Vietnam refugee leader arrested for protesting ICE crimes

 

Nancy just after being released from jail Oct 9.

Philadelphia — Nancy Nguyen, Executive Director of VietLead, a Philadelphia-based Vietnamese refugee organization, was handcuffed and arrested Oct. 8 as she was changing her one-year-old baby’s diaper in her Philadelphia home. Her arrest involved the cooperation of several federal and local agencies, including the Philadelphia Police Department — in a city that claims sanctuary status.

Her so-called crime? Not murder, not kidnapping, nothing to do with drugs, no violence was involved, not even property damage. Her actions weren’t even a felony. The “crimes” that set several law enforcement agencies in motion were — littering and trespassing — 250 miles away in Richmond, Va., a month earlier.  

Arrested for organizing for migrants, refugees

On Sept. 8, migrant and refugee activists in cities from Little Saigon, Calif., to Miami to Washington, D.C., denounced newly-installed Immigration and Customs Enforcement director Tony Pham. Two dozen organizations signed a statement condemning Trump’s appointment as a racist maneuver. They demanded Pham “bring human rights home” by addressing ICE’s many abuses: “We raise our voices as refugees and the descendants of refugees — from Viet Nam, Haiti, El Salvador, Honduras and Guatemala . . . as witnesses of the wretched treatment of our refugee sisters and brothers from around the world by the Trump administration, by U.S. Customs and Border Protection and by ICE.” (tinyurl.com/y3pf96lp)

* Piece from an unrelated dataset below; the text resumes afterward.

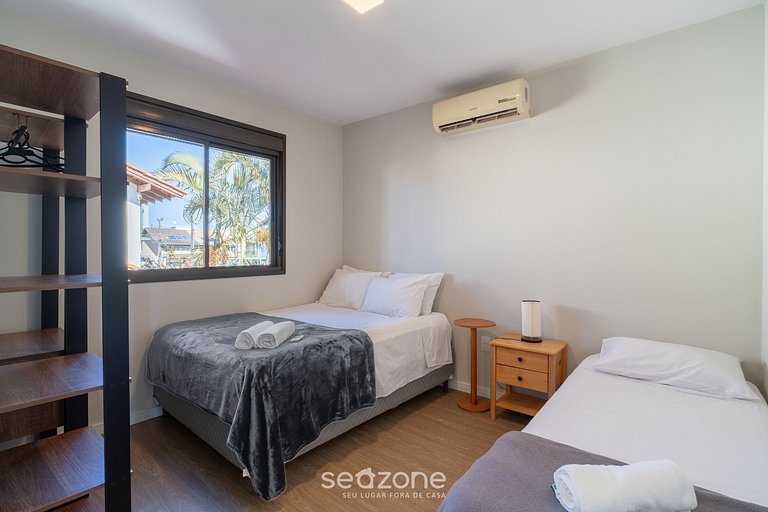 Casa con piscina privada en Campeche MCE0016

A few activists descended on Pham’s home near Richmond, Va., to plant tombstones and signs on his lawn exposing ICE’s incarceration of migrant children. The head of ICE, which is guilty of imprisoning children and subjecting incarcerated migrant women to forced sterilization, responded with crocodile tears that protesters could “target a mom and target children” at his home. (WRIC.com/news, Sept. 15)

In line with President Trump’s many Twitter calls for protesters to be punished, Pham and other government officials at several levels conspired to arrest Nguyen, threatening to extradite her to a Virginia jail.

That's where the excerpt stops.